Everything from the line that holds "Nike Air Force" through the end of the records below is to be transcribed exactly, except the pictures.
++++++++
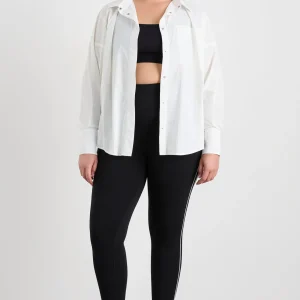 Store Aje ATHLETICA Panel Mesh Shirt 406 Coconut White
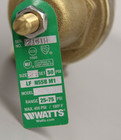 New Watts Lead Free Water Pressure Reducing Valves 3 4  Genuine Oem 50 Psi Set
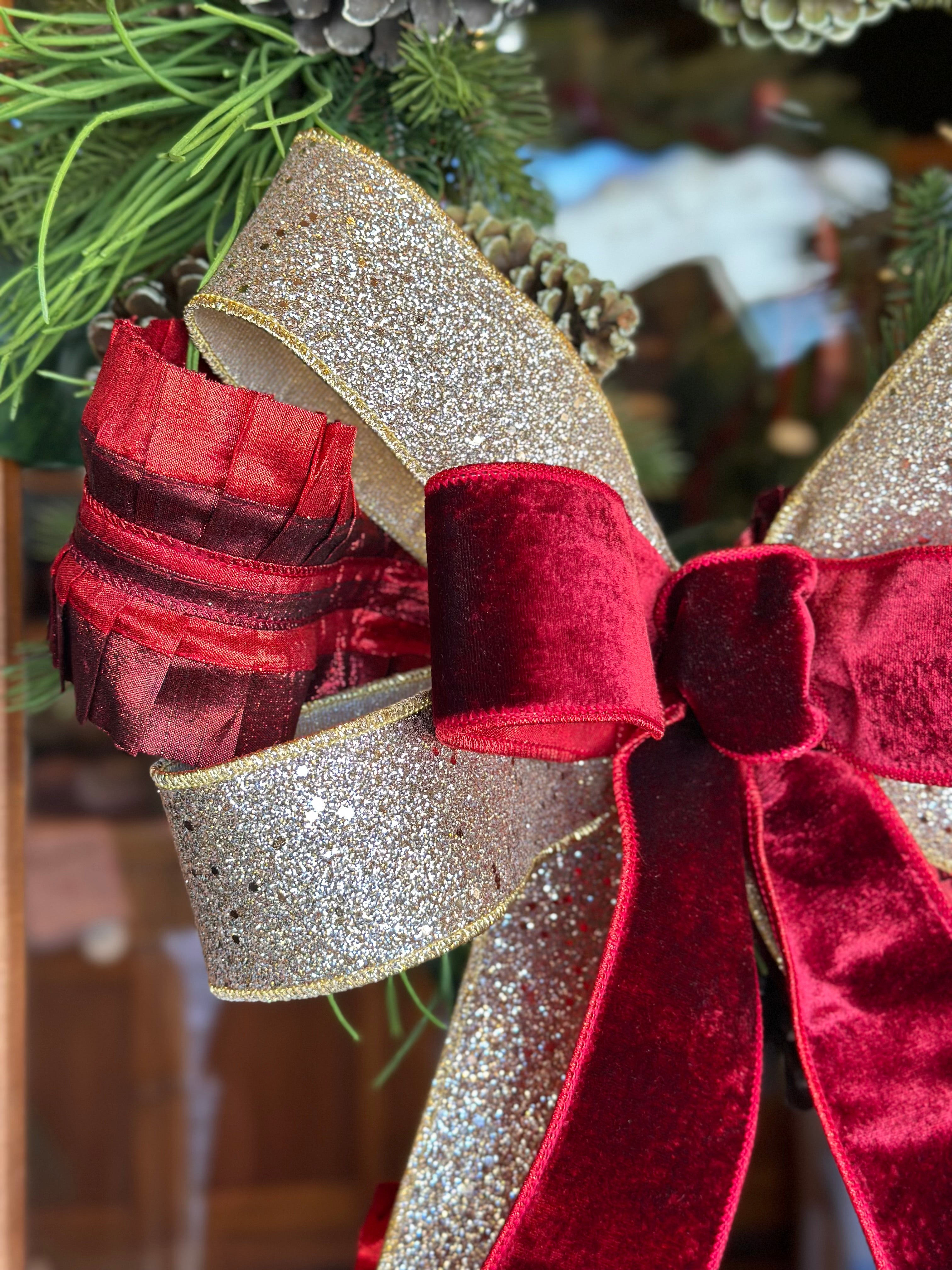 Champaign and Rich Red Bow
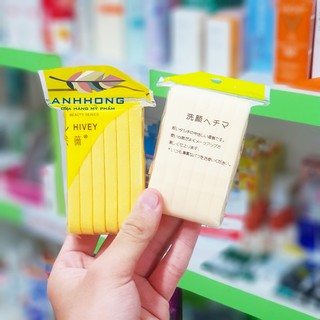 Bông nở rửa mặt hàng loại 1 gói 12 miếng, Bông mút rửa mặt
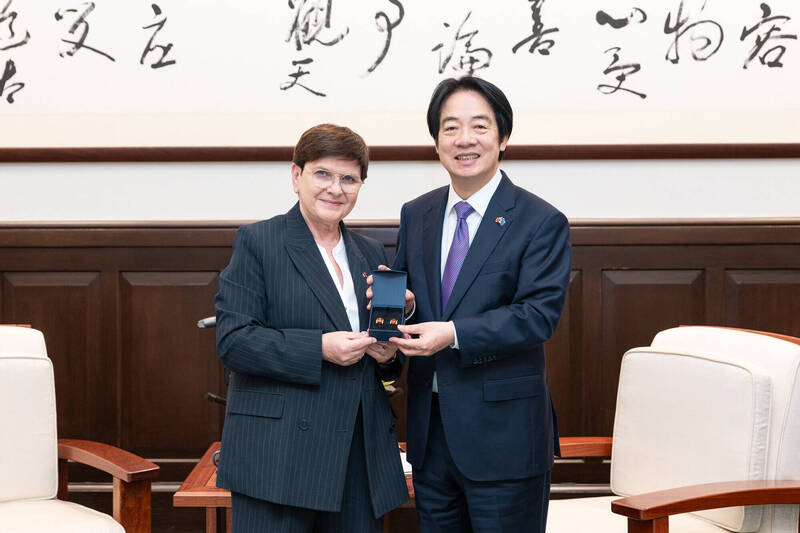 率歐洲議會團訪賴總統 波蘭前總理詩朵:台海和平攸關歐洲戰略意義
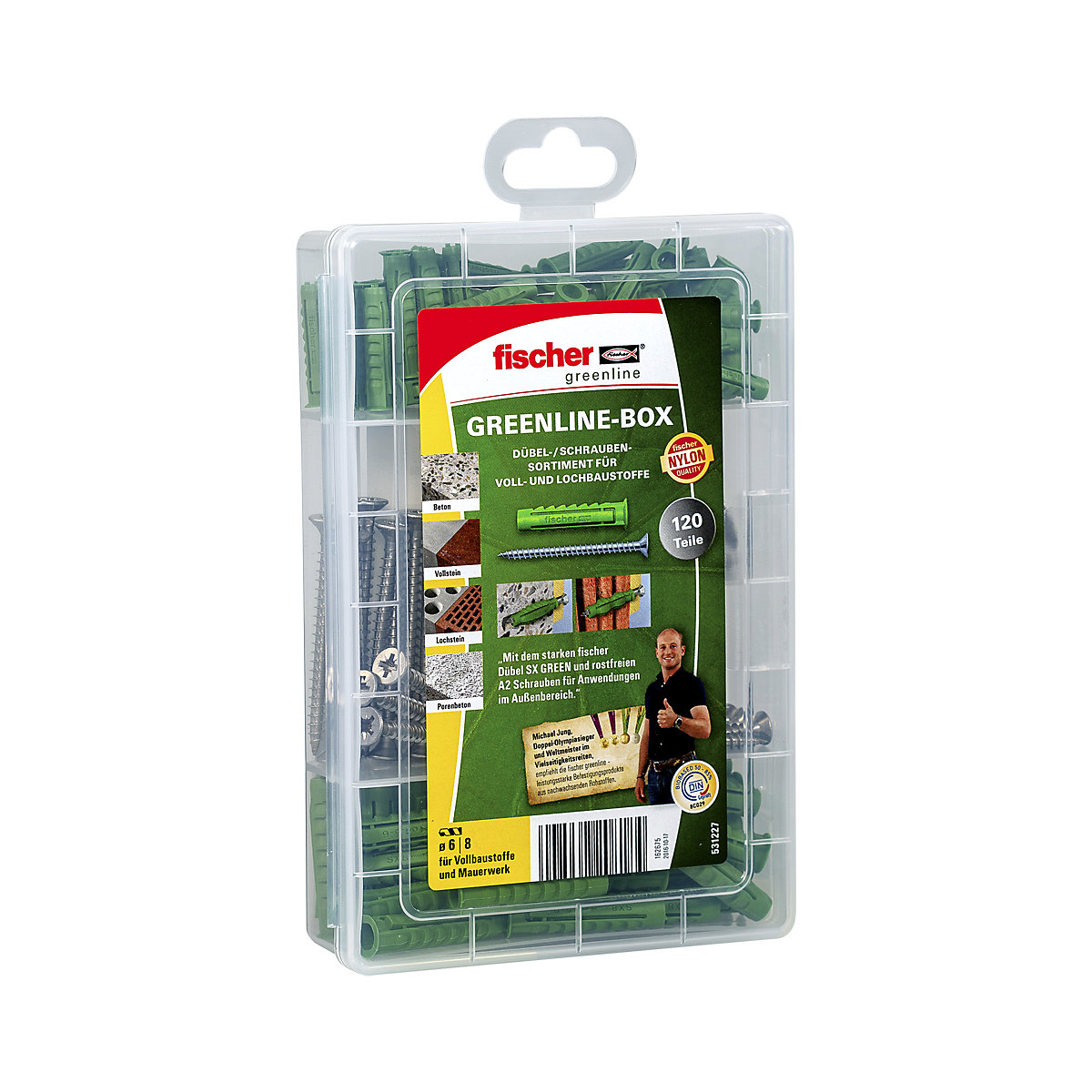 MEISTER-Box Rund ums Haus rostfrei + Schraube fischer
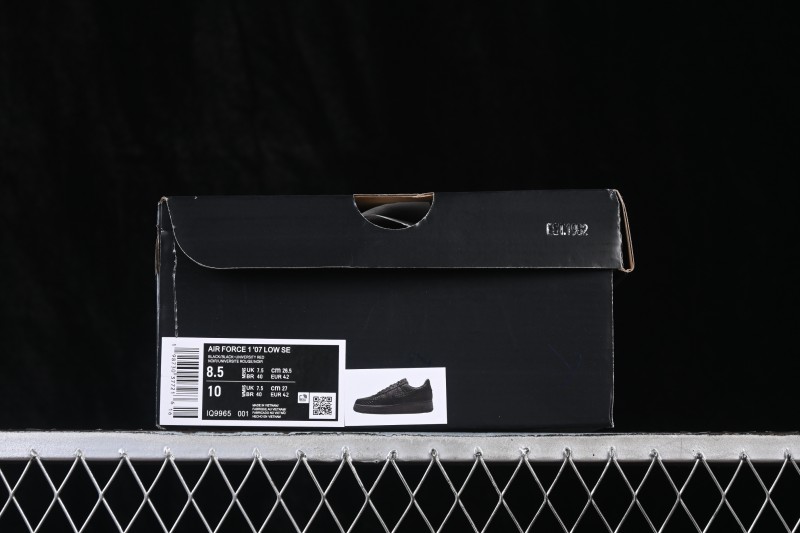 Nike Air Force 1 '07 Low Classic Basketball Shoes with Full-Length Air Cushioning - IQ9965-001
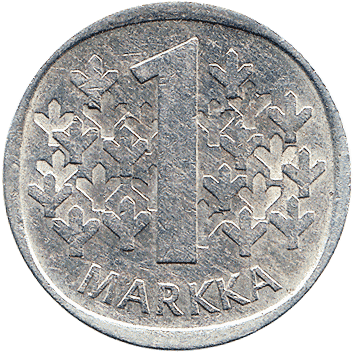 1 Марка (Markka) - 1981 - Фінляндія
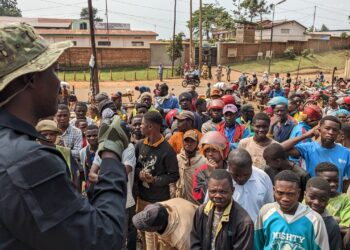 Bukavu : Le Bourgmestre de Kadutu Sous l’AFC-M23, Byamungu Kazimire Samuel inspecte l’évolution des chantiers dans différents quartiers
++++++++
▶ _Result of this task_
 Nike Air Force 1 '07 Low Classic Basketball Shoes with Full-Length Air Cushioning - IQ9965-001
 1 Марка (Markka) - 1981 - Фінляндія
 Bukavu : Le Bourgmestre de Kadutu Sous l’AFC-M23, Byamungu Kazimire Samuel inspecte l’évolution des chantiers dans différents quartiers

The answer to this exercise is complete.